Action item: For each line below with the word "Christmas", write out a copy.

Data provided:
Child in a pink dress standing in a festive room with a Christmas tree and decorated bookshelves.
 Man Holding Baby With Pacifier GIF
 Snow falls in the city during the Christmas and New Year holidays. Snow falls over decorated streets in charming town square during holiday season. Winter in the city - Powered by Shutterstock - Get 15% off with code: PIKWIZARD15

Response box:
Child in a pink dress standing in a festive room with a Christmas tree and decorated bookshelves.
 Snow falls in the city during the Christmas and New Year holidays. Snow falls over decorated streets in charming town square during holiday season. Winter in the city - Powered by Shutterstock - Get 15% off with code: PIKWIZARD15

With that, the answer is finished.